Rafael Nadal is “confident” he’ll be at 100 per cent physically when the Australian Open comes around in less than three weeks’ time despite enduring yet another tough battle with injuries over the past few months.
The Spanish world No. 2 had to pull the plug early on his 2018 season and hasn’t played since a knee problem forced him to retire during his US Open semi-final against Juan Martin del Potro in September. He underwent arthroscopic surgery on his ankle to remove an intra-articular loose body in November and only stepped back on the court for training two weeks ago.
Nadal will dip his toes back into competition at the Mubadala World Tennis Championship exhibition in Abu Dhabi, where he faces either Kevin Anderson or Chung Hyeon in his opener on Friday.

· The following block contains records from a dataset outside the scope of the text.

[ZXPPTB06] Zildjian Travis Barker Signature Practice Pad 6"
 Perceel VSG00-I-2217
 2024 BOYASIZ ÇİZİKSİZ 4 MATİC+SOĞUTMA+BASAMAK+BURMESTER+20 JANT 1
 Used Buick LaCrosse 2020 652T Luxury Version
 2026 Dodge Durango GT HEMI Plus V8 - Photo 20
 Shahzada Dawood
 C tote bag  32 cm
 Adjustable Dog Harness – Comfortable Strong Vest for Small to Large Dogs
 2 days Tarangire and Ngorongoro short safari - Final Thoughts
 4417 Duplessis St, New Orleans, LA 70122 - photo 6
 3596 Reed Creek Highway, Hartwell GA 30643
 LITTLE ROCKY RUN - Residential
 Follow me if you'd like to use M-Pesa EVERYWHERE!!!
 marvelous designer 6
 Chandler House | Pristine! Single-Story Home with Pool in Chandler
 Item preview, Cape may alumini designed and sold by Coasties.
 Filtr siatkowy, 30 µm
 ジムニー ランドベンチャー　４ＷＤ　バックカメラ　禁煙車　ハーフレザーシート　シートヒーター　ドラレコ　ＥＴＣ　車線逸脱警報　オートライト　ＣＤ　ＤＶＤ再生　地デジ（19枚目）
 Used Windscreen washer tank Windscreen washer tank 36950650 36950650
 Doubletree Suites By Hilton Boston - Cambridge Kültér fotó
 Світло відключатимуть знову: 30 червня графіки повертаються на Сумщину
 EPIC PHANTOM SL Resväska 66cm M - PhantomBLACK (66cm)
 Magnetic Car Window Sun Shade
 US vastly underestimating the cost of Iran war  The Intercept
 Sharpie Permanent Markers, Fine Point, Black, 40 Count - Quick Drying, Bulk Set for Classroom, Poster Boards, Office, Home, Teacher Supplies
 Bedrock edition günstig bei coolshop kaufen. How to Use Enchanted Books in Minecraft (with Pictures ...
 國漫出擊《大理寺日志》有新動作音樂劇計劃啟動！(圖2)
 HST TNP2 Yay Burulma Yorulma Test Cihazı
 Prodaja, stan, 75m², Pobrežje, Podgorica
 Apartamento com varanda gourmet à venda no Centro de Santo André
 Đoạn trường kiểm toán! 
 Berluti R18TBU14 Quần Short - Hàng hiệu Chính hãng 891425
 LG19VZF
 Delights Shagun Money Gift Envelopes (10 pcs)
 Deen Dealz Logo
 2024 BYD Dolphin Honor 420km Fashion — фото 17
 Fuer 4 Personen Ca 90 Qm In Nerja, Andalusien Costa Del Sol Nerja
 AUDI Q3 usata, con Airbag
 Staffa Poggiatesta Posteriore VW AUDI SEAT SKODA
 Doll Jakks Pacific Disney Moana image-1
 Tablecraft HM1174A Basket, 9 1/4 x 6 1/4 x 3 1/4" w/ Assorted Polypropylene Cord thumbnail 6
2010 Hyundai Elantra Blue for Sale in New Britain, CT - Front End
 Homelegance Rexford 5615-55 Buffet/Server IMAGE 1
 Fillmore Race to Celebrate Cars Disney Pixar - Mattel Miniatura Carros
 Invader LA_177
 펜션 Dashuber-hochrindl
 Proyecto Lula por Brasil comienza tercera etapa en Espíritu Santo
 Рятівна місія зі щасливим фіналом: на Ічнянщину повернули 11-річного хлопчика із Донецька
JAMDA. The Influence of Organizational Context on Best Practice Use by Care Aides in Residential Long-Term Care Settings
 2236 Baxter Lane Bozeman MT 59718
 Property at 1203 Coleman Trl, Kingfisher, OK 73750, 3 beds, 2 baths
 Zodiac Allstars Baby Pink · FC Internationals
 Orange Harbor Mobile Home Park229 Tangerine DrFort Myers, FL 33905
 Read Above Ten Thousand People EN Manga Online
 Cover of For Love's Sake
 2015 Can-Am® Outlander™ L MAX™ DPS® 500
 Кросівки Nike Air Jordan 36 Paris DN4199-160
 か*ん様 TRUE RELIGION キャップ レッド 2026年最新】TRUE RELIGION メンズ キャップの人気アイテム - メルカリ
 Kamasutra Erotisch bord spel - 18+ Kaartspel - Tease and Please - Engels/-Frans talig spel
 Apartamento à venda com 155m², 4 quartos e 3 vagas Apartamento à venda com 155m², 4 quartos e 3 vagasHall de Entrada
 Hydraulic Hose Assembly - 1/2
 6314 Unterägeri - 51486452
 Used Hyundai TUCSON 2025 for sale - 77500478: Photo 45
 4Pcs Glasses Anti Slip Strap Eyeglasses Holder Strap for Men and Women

“I started two weeks ago and of course doing the things step by step and I think I have time to be ready for Melbourne [Australian Open] at my 100 per cent,” Nadal told reporters in the UAE capital on Thursday.
“It’s going to be good to have some matches before but I’m confident that I’m going to arrive to Melbourne with the right situation.”
The 32-year-old retired during matches at two of the four Grand Slams in 2018, but still added a record-extending 11th French Open crown to his collection. He assures he remains motivated to launch yet another comeback from injury, despite a career plagued by physical problems throughout.
“After the second part of the year, have been tough last year in terms of injuries but that happens and that’s part of my tennis career too,” he added.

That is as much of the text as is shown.